(What needs to be done):
Repeat the listing below verbatim, without its images.

§

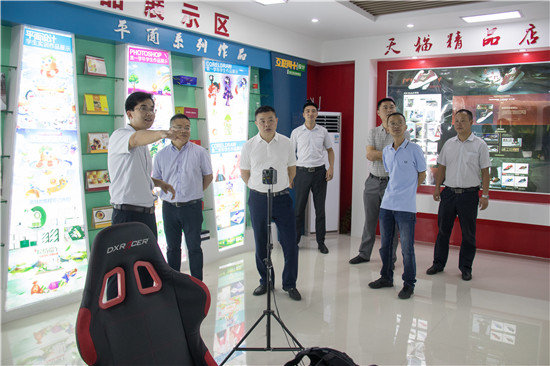  區(qū)人力資源和社會(huì)保障局、就業(yè)局領(lǐng)導(dǎo)蒞臨我院視察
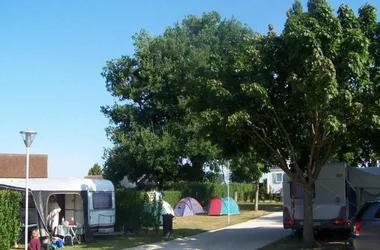 Camping Les Rioms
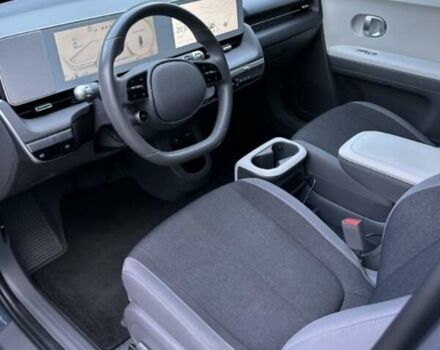 Серый Хендай Ioniq 5, объемом двигателя 0 л и пробегом 68 тыс. км за 24000 $, фото 13 на Automoto.ua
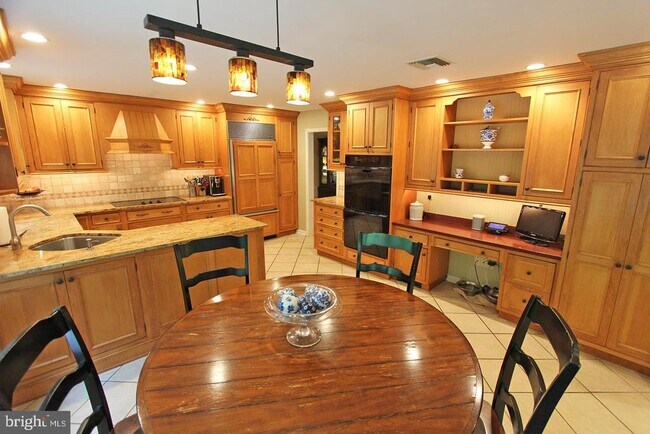 Building Photo - 594 Contention Ln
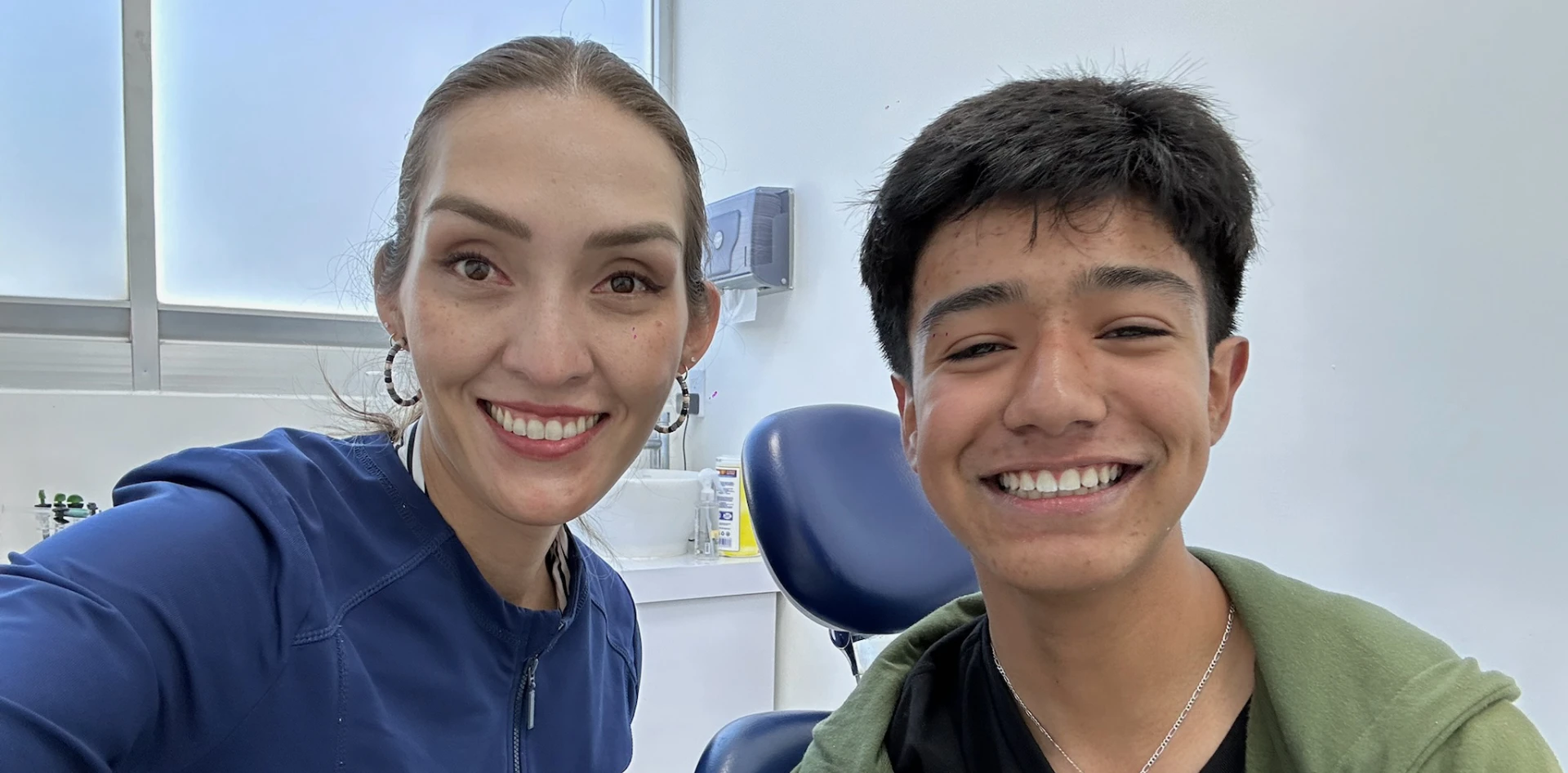 Paciente sonriendo en Cumbres Centro Odontológico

§

(Exercise output):
  區(qū)人力資源和社會(huì)保障局、就業(yè)局領(lǐng)導(dǎo)蒞臨我院視察
 Camping Les Rioms
 Серый Хендай Ioniq 5, объемом двигателя 0 л и пробегом 68 тыс. км за 24000 $, фото 13 на Automoto.ua
 Building Photo - 594 Contention Ln
 Paciente sonriendo en Cumbres Centro Odontológico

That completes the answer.